Selain itu, mahasiswa juga dapat berperan sebagai pengawas dalam proses penegakan hukum yang sedang berjalan, terutama terhadap kasus-kasus besar yang melibatkan tokoh politik. Sebagai contoh, dalam kasus Hasto, mahasiswa dapat melakukan pemantauan terhadap jalannya proses hukum di KPK, memastikan bahwa tidak ada penyalahgunaan wewenang, dan bahwa setiap individu yang terlibat dalam kasus ini diadili sesuai dengan prinsip-prinsip keadilan. Mereka juga dapat mengorganisir forum diskusi atau kampanye yang bertujuan untuk mengedukasi masyarakat tentang pentingnya pemberantasan korupsi dan mendesak agar KPK terus menjalankan tugasnya secara profesional dan independen.
Pentingnya pengawasan masyarakat dan mahasiswa ini sejalan dengan apa yang dijelaskan dalam jurnal Binamulia Hukum oleh Dwi Atmoko dan Amalia Syauket.

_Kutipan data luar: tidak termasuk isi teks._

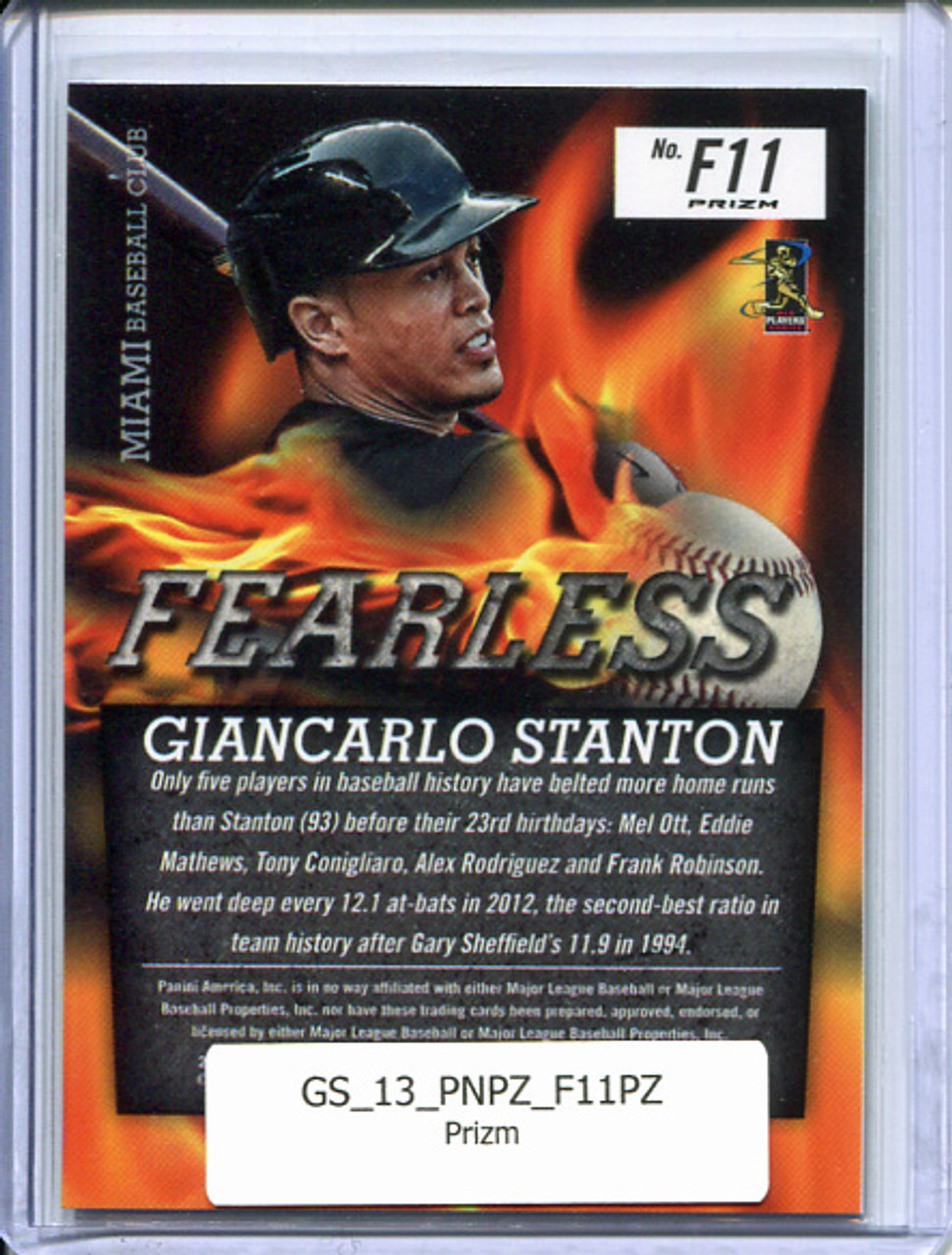 Giancarlo Stanton 2013 Prizm, Fearless #F11 Silver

Mereka menjelaskan bahwa korupsi bukan hanya masalah hukum, tetapi juga masalah sosial yang mempengaruhi berbagai lapisan masyarakat. Oleh karena itu, pemberantasan korupsi harus dilakukan dengan pendekatan yang lebih komprehensif, yang melibatkan seluruh elemen masyarakat, termasuk mahasiswa sebagai bagian dari generasi muda yang memiliki tanggung jawab untuk menjaga masa depan bangsa.
Sebagai kesimpulan, kasus Hasto Kristiyanto yang melibatkan partai besar, serta perubahan kelembagaan KPK yang menjadi bagian dari eksekutif, menggarisbawahi pentingnya konsistensi penegakan hukum di Indonesia. Mahasiswa memiliki peran strategis dalam mengawal proses pemberantasan korupsi dan memastikan bahwa setiap kebijakan dan tindakan hukum yang diambil oleh KPK dan lembaga negara lainnya tetap berpihak pada keadilan dan transparansi. Ke depan, mahasiswa harus lebih aktif dalam berkontribusi pada perubahan sistemik dalam pemberantasan korupsi, baik melalui pendidikan, advokasi, maupun pengawasan terhadap jalannya proses hukum yang ada.